LanceDB, which counts Midjourney as a customer, is building databases for multimodal AI

6 months ago 18
ARTICLE AD

Chang She, previously the VP of engineering at Tubi and a Cloudera veteran, has years of experience building data tooling and infrastructure. But when She began working in the AI space, he quickly ran into problems with traditional data infrastructure — problems that prevented him from bringing AI models into production.

“Machine learning engineers and AI researchers are often stuck with a subpar development experience,” She told TechCrunch in an interview. “Data infra companies don’t really understand the problem for machine learning data at a fundamental level.”

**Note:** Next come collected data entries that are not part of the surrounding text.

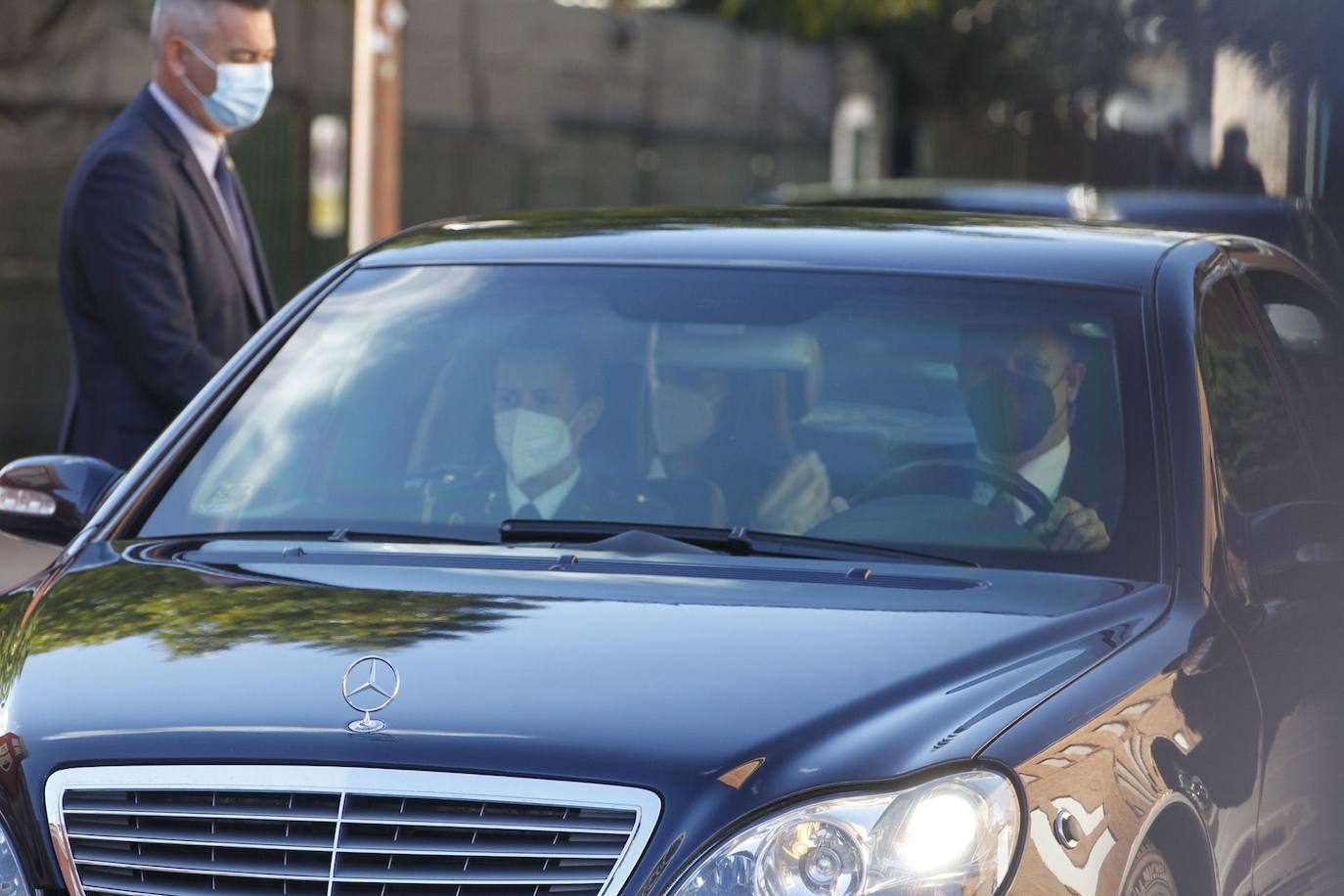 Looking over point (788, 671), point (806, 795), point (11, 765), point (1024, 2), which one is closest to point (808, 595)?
point (788, 671)

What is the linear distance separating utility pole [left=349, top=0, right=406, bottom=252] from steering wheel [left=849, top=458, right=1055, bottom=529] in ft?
29.3

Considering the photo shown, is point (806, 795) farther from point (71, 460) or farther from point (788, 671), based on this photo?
point (71, 460)

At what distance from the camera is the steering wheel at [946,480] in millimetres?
3945

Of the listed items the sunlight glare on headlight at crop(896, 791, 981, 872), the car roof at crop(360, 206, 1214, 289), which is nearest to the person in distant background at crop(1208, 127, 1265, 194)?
the car roof at crop(360, 206, 1214, 289)

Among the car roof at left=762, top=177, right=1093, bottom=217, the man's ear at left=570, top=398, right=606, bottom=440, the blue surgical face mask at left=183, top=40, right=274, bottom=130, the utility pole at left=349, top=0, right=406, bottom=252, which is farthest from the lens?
the utility pole at left=349, top=0, right=406, bottom=252

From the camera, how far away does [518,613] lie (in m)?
3.39

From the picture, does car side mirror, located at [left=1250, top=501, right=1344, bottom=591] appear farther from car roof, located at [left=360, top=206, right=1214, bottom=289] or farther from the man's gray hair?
the man's gray hair

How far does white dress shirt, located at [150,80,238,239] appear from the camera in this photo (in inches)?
247

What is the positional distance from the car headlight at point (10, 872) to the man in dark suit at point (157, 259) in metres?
2.91

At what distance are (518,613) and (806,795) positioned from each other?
0.63 meters

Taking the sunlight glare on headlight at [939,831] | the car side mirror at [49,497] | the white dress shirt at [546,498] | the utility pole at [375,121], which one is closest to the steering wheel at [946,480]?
the white dress shirt at [546,498]

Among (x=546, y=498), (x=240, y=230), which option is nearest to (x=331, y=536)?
(x=546, y=498)

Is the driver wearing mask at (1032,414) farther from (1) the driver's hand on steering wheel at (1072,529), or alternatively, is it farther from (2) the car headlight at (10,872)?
(2) the car headlight at (10,872)

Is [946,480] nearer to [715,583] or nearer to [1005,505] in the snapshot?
[1005,505] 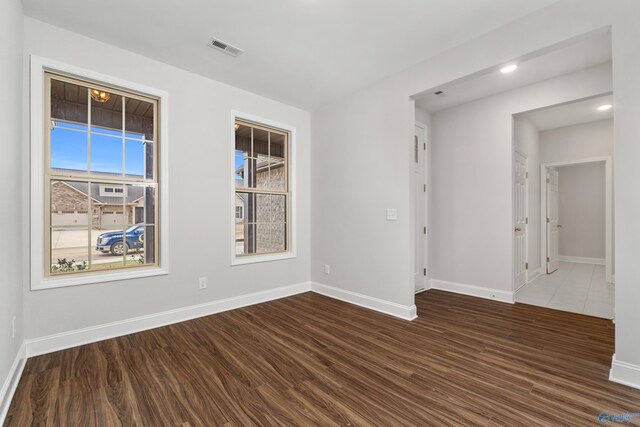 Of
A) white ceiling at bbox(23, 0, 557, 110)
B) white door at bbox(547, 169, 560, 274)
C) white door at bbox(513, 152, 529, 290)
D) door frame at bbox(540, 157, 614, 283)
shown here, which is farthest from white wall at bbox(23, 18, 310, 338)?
white door at bbox(547, 169, 560, 274)

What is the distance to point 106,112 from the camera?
2797mm

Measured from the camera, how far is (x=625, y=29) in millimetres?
1920

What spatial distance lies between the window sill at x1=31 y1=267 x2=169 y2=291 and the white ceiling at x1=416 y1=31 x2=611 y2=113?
11.1 feet

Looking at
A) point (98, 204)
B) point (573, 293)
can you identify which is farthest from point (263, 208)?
point (573, 293)

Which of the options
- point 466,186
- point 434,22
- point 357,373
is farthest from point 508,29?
point 357,373

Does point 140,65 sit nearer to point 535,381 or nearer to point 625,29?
point 625,29

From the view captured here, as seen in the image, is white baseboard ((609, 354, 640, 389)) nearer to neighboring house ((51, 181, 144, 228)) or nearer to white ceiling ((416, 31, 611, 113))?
white ceiling ((416, 31, 611, 113))

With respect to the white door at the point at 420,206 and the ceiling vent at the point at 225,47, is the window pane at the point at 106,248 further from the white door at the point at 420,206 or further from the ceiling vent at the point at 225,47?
the white door at the point at 420,206

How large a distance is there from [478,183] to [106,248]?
4.54 m

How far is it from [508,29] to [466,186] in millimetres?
2196

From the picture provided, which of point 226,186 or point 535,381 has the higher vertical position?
point 226,186

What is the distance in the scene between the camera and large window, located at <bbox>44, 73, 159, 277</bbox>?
252 centimetres

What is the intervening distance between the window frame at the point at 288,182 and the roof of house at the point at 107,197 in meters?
0.97

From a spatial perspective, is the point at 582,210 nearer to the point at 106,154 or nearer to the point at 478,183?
the point at 478,183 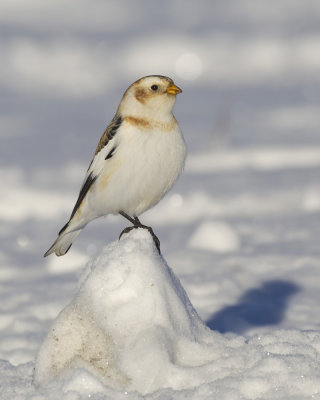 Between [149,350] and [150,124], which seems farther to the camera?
[150,124]

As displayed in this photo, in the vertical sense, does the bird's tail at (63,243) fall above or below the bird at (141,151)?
below

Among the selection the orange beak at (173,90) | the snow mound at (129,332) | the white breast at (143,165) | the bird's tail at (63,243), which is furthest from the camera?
the bird's tail at (63,243)

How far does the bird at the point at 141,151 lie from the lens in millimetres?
5172

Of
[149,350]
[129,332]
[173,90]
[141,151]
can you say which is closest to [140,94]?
[173,90]

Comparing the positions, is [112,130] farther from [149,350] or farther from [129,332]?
[149,350]

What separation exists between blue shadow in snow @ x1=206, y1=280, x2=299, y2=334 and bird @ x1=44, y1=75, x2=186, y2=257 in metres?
1.21

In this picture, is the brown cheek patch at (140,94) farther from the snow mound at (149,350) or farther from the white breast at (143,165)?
the snow mound at (149,350)

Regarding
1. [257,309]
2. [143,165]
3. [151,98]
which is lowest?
[257,309]

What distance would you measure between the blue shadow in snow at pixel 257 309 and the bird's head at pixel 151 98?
1.72 meters

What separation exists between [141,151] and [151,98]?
0.35 meters

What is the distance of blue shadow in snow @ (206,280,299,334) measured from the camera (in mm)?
6222

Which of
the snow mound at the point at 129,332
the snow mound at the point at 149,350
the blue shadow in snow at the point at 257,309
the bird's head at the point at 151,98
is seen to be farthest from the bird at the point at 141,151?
the blue shadow in snow at the point at 257,309

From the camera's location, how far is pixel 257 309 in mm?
6559

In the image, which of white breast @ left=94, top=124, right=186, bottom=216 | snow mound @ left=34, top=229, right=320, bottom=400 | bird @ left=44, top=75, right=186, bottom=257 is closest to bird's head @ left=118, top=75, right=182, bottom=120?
bird @ left=44, top=75, right=186, bottom=257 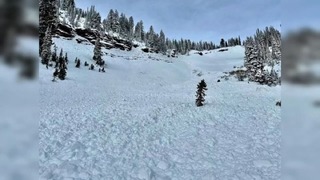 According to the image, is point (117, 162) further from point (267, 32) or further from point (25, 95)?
point (267, 32)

So Chang — who’s one of the co-creators of Pandas, the wildly popular Python data science library — teamed up with software engineer Lei Xu to co-launch LanceDB.

LanceDB is building the eponymous open source database software LanceDB, which is designed to support multimodal AI models — models that train on and generate images, videos and more in addition to text. Backed by Y Combinator, LanceDB this month raised $8 million in a seed funding round led by CRV, Essence VC and Swift Ventures, bringing its total raised to $11 million.

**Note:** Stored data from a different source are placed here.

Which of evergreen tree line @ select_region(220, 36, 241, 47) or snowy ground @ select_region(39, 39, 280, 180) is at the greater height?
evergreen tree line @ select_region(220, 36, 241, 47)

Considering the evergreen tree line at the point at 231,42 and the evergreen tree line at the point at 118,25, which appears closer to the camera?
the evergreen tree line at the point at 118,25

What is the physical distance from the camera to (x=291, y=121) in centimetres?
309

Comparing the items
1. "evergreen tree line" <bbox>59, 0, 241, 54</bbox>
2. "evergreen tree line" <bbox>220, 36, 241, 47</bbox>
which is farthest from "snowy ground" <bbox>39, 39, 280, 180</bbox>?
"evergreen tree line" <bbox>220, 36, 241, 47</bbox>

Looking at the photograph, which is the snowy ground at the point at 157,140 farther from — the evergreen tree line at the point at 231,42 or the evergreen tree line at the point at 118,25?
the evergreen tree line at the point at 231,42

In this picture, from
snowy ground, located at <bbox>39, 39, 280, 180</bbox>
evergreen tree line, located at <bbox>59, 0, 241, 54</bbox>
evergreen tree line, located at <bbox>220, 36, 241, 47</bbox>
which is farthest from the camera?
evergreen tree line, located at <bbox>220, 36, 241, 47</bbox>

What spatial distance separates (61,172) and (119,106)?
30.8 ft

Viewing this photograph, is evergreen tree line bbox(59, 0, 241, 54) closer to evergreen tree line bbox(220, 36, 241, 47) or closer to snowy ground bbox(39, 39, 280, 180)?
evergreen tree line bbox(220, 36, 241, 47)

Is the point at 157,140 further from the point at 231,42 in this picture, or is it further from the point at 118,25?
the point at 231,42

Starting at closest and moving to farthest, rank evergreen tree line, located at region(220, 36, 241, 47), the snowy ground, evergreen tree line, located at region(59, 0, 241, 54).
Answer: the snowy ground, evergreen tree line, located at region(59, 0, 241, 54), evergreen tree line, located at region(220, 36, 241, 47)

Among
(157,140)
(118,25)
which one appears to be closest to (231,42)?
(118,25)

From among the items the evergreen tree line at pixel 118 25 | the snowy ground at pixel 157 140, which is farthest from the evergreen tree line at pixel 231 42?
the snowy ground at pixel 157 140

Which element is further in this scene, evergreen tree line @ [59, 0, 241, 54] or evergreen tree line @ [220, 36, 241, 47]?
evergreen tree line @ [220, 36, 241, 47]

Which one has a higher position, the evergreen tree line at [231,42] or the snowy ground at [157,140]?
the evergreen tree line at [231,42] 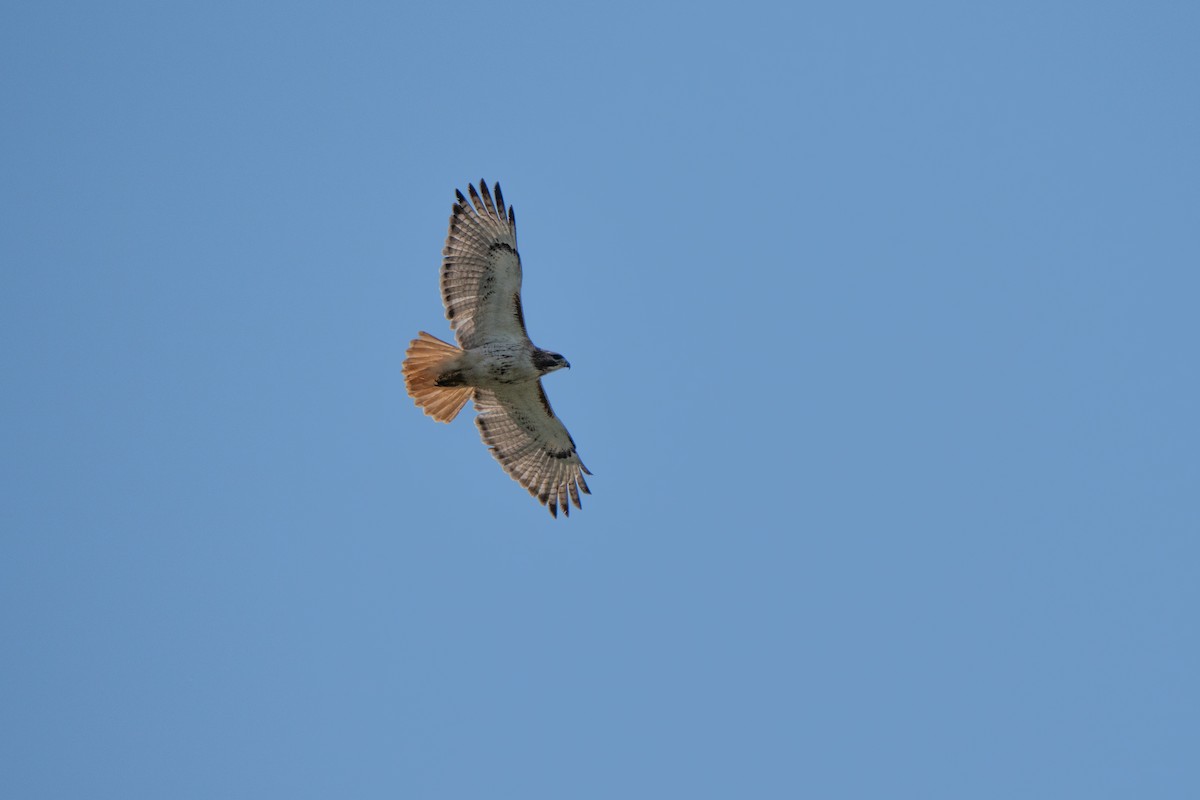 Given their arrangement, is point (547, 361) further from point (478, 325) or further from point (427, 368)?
point (427, 368)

“If multimodal AI is critical to the future success of your company, you want your very expensive AI team to focus on the model and bridging the AI with business value,” Chang said. “Unfortunately, today, AI teams are spending most of their time dealing with low-level data infrastructure details. LanceDB provides the foundation AI teams need so they can be free to focus on what really matters for enterprise value and bring AI products to market much faster than otherwise possible.”

LanceDB is essentially a vector database — a database containing series of numbers (“vectors”) that encode the meaning of unstructured data (e.g. images, text and so on).

As my colleague Paul Sawers recently wrote, vector databases are having a moment as the AI hype cycle peaks. That’s because they’re useful for all manner of AI applications, from content recommendations in ecommerce and social media platforms to reducing hallucinations.

The vector database competition is fierce — see Qdrant, Vespa, Weaviate, Pinecone and Chroma to name a few vendors (not counting the Big Tech incumbents). So what makes LanceDB unique? Better flexibility, performance and scalability, according to Chang.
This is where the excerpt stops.